Division is the opposite of multiplication just as subtraction is the opposite of addition. What I mean by opposite is that multiplcation will "undo" division and addition "undoes" subtraction. For example, 5+1=6, to "undo" the addition of 1, subtract 1 from 6 to get 5. For division and multiplication the same idea holds true. Take 15 and divide it by 3 to get 5. To "undo" the division take 5 and multiply by 3 to get the original 15. So I'll use the same concept to try and define a division by zero. Let's take 6 times 0, which is obviously 0. To "undo" the multiplication problem we should be able to take the 0 we got in the answer and divide it by 0 and get 6. Does 0 divided by 0 equal 6? Obviously not, in fact it is said to be undefined. If you do that problem on a calculator you get and "error" message.
Think of a pie and you want to divide the whole pie into 4 equal parts. Now 6 parts, 8 parts, etc. Each piece of pie gets smaller but no matter how many pieces you want to divide the pie into, technically that can always be done, albeit very difficult as the number of pieces gets larger. This is the same concept of the limit. As the number of pieces gets larger, each slice gets smaller. So for 1/n (1 representing the whole pie and n being the number of slices), as n gets larger each piece of pie gets smaller. Take the problem 1/n, as n gets smaller now and approaches 0, 1/n gets larger! Yes this is true. Say n is 1, then 1/1 = 1. When n= 1/2, 1/n = 2. When n= 1/100, 1/n = 100. When n= 1/10000, 1/n = 10000. What is happening here? 1/n is getting larger and larger as n approaches 0, so the limit as n approaches zero of 1/n is infinity.
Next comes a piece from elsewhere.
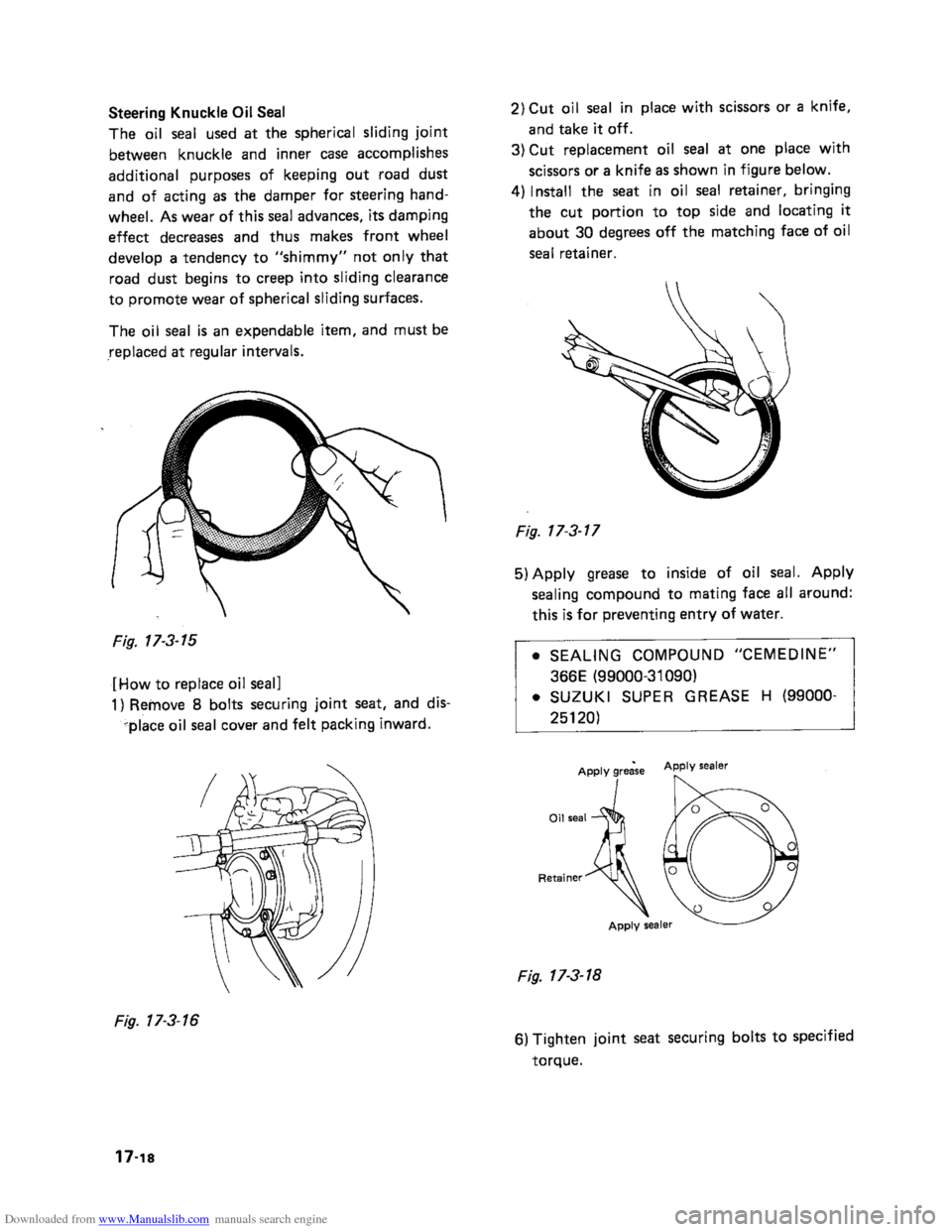 SUZUKI SAMURAI 1991 2.G 2WD Supplementary Service Service Manual Downloaded from www.Manualslib.com manuals search engine SUZUKI SAMURAI 1991 2.G 2WD Supplementary Service Service Manual Downloaded from www.Manualslib.com manuals search engine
That would seem to indicate that 1 divided by 0 would be infinity as well, but that defies the rules of division and multiplication I mentioned above. The fact is, that n can NEVER actually EQUAL zero in the problem 1/n, it can just approach zero, get so infinitesmally small but never EQUAL zero. Division by zero is simply impossible.
Finally, think of this when considering division in general and division by zero. Take a pie and divide it into 1 part. That is obviously the entire pie. If someone says, "divide that pie into 0 parts". What would you do? You'd give the person a baffled look and say that a pie cannot be divided into zero parts, which is the same idea as dividing any number by zero. No the world wont "blow up when dividing by zero", nor can any number be divided by zero. It's simply impossible.
Learn more about this author, Kerry Kauffman.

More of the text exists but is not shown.